AU REVOIR, HENRI
Iconic luxury retail chain closing after 123 years
Say goodbye, Bendel girls. Henri Bendel — the iconic department store known for bringing Coco Chanel to the US and catering to generations of so-called Bendel Girls — is shutting its doors after 123 years.
The decision to turn out the lights in January at all 23 swanky stores nationwide — including its landmark flagship at 714 Fifth Ave. — was announced Friday by its parent company, L Brands, which also owns Victoria’s Secret and Bath & Body Works.
“We have decided to stop operating Bendel to improve company profitability and focus on our larger brands that have greater growth potential,” said billionaire Les Wexner, chairman and chief executive of L Brands.
Bendel, which opened its doors in Greenwich Village near the end of the 19th century, was founded by Henri Bendel, a women’s hat maker from Lafayette, La.
He moved to New York in 1895 and began catering to the city’s elite, making the store’s brown-and-white striped shopping bags and hat boxes a coveted status symbol. In the 1960s, its inhouse illustrator was a young artist named Andy Warhol.
Columbus, Ohio-based L Brands, which acquired Henri Bendel in 1985, has lately neglected the brand while it scrambles to fix its flailing Victoria’s Secret chain, according to critics.
L Brands “didn’t give the brand the true stewardship they needed to,” according to Craig Johnson, president of Customer Growth Partners.

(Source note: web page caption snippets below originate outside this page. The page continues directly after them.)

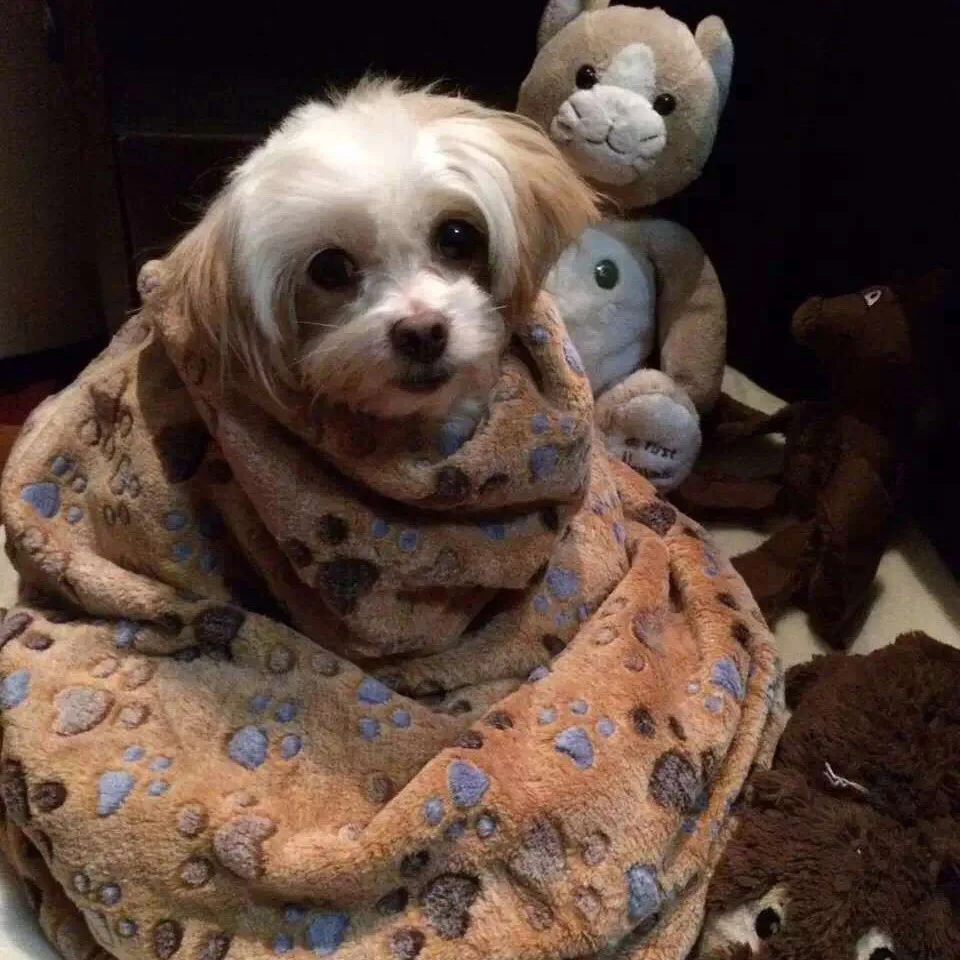 Лапа принт собака щенок кошка домашнее флисовое мягкое одеяло коготь следа ноги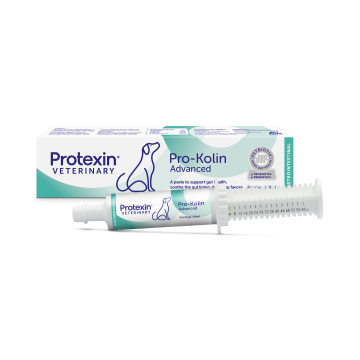 Pro-Kolin Advanced HUND 60 ml VET 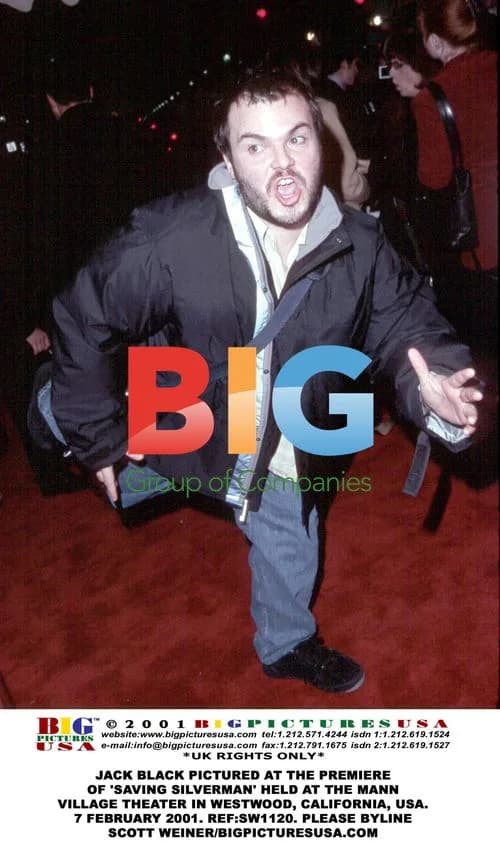 Jack Black at 'Saving Silverman' Premiere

Bendel, which only started opening stores outside New York City in 2008, announced plans to stop selling clothes the following year to focus on accessories and gifts.
In 2014, Bendel, which had been known for featuring such up-and-coming labels as Anna Sui, decided to give up on selling outside brands.
“People kept going to Bendel’s long after it changed because they re- membered the romance of the place,” Faith Hope Consolo of Douglas Elliman told The Post.
But Bendel’s focus on its own private-label accessories and handbags ”fell flat” — with designs that looked like cheap Michael Kors and Kate Spade knockoffs, said retail consultant Gabriella Santaniello of A-Line Partners.
It once “had a wide range of price points and different brands all wrapped up in a beautiful, iconic location where you just felt special walking in the door,” Santaniello said.
As L Brands expanded Bendel beyond New York and into shopping malls in places including Atlanta, Houston, Oak Brook, Ill., and Troy, Mich., it failed to gain traction in Middle America.
“The person in the suburbs didn’t have the same attachment to Bendel,” Consolo said.
While the Midtown stretch of Fifth Avenue was once synonymous with fashion and luxury, the boutiques have increasingly moved back downtown.
Big-box brands such as Abercrombie & Fitch, H&M and Uniqlo, meanwhile, have invaded Fifth Avenue’s Miracle Mile stretching between Rockefeller Center and the Plaza Hotel.